Discombobulated, Paranoid, Afraid

On Monday night, I went on line to check my bank account.  As soon as I opened it, my heart started racing and I felt panicked.  Someone was debiting my account every couple of hours, mostly in increments of $235.00.  


It was close to midnight and my bank was, of course, closed. I called the toll free VISA number.  I told the woman who answered what was going on and asked her to block the card.  She said that she did block it, yet overnight, two more $235.00 debits went through.

 

Tuesday Morning:  I was in the bank lobby when they opened at 8:30 a.m.  I talked with the assistant branch manager, a young woman named Amanda, who has never been anything but extremely helpful to me in the past.


Amanda immediately pulled up my account and went through it with me; she blocked my VISA card (since apparently it had NOT been blocked the night before.)  She filled out the paper work to file with Visa.  Fnally, she sent me to the police department to file a report and told me not to worry because everything would be straightened out and my account was covered against such fraud.

 

The Oak Ridge Police Department was also very helpful.  I'll be picking up my police report to file with VISA on Monday morning and taking it back to Amanda. 


FRIDAY MORNING:  The phone rang around 10 a.m.  It was Amanda calling to tell me that someone had used my card number to purchase two dresses last night at a company called Wholesale Dresses.  She told me not to worry because I would not have to pay for those dresses.  She just wanted to warn me in case I checked my account on line this weekend; she didn't want me to panic all over again.

 

I am surprised at how much this security breach has discombobulated and frightened me.  I have felt unsettled and insecure in general all week.  Even though my house and studio have a top of the line wireless security system, my dog barks the moment anyone pulls in the driveway and I share a house with three strong, adult men, I still feel vaguely afraid, almost as if I'm being watched.

 

Reasonably, I know that's nonsense.  In fact, the policeman told me that it's doubtful that whomever is using my card number even knows who I am.  He says that there are people who 'sweep' the internet continually looking for sixteen digit numbers (the number of digits on all credit cards), grabbing them and using them until they are blocked.  Then, they just move on.


 Actually, when the officer did some checking, he found that most of the charges on my account were coming from France.  (I haven't been to France in two years.)  He says the source of fraud is nearly always Europe, Asia, or, sometimes Africa.


 But this unsettled sense of fear I have isn't about reason.  It's about my privacy having been invaded and violated.    


I do, however, have a couple of take aways that ARE entirely reasonable.  One is not to EVER use your credit card on line no matter how secure the site looks.  Amanda told me that it's really not smart to use anything but Paypal on line.
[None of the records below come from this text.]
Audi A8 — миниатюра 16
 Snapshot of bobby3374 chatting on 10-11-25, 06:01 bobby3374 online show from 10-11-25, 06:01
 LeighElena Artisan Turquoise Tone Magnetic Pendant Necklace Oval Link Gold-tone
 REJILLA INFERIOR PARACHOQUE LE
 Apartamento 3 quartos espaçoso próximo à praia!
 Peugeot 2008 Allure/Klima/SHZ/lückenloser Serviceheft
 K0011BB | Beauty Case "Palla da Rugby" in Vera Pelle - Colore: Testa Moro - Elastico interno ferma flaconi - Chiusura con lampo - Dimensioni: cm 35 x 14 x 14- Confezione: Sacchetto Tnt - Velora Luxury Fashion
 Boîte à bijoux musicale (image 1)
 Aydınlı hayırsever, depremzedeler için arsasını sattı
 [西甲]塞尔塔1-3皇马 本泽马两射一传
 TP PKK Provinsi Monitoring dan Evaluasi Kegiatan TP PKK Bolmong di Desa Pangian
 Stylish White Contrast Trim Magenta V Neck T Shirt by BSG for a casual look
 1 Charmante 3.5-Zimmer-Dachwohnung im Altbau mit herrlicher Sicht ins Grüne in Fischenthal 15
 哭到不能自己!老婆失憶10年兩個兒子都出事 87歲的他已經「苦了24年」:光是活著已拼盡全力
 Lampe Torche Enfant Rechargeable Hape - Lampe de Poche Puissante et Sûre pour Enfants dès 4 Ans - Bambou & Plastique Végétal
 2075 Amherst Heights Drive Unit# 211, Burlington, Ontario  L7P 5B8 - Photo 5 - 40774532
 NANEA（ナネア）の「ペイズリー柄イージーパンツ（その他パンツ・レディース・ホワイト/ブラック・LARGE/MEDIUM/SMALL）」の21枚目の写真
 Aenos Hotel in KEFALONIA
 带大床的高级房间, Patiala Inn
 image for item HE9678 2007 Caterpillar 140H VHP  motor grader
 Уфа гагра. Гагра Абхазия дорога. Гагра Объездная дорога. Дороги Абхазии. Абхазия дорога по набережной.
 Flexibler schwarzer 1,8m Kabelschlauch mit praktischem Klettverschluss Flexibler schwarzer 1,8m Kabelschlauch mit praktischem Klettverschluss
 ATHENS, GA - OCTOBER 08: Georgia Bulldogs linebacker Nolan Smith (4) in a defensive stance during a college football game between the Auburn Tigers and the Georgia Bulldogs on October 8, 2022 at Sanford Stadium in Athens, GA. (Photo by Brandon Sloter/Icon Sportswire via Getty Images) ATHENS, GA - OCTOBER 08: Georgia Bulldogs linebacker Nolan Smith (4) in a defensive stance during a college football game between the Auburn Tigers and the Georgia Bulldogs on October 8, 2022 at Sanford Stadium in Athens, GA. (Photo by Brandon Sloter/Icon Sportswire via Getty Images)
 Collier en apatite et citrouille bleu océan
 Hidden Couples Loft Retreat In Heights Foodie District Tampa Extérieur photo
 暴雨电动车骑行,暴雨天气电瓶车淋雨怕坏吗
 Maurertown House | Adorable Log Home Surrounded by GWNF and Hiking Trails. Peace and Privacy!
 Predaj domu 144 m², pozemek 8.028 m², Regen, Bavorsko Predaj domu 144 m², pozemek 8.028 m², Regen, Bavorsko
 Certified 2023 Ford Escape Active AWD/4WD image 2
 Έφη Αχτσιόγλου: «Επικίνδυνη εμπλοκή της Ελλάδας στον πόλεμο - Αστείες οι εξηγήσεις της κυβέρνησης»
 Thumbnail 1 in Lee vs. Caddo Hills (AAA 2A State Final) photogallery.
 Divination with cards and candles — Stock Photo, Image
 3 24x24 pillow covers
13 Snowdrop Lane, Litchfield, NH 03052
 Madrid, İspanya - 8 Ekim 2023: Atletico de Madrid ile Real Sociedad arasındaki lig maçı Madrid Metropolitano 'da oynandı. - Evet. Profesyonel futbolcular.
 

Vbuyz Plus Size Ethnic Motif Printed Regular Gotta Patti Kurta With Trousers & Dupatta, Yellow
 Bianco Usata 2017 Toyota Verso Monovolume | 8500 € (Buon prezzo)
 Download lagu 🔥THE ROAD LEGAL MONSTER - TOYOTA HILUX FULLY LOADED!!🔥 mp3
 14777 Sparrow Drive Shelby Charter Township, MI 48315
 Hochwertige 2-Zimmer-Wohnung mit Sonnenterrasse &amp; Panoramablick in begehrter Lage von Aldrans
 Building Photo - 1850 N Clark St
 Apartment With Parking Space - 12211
Message received:  I won't, not ever again.  


My other take away is that there is nothing like a home town bank when you really need personal service.  My bank is Citizens First out of Wartburg.  They have always been wonderful to me but in the last few days, Amanda has been a comforting hand holder and her reassurance has meant so much to me.  At times like these, I am so grateful not to be with a big, impersonal bank.


And actually, I have another take away.  This week, at the same time this credit card crap has come to light, a woman I went to high school with has been in the hospital on oxygen and a morphine pump, struggling to breathe.  It is unlikely that she will ever leave the hospital.  Thinking about her and the other fifty some odd souls from my high school graduating class who have already left this world, I have a sense of how trivial my little Visa dust up really is.

 

But I'm human, likely more fallible than most, and trivial, shallow crap often preoccupies my thoughts.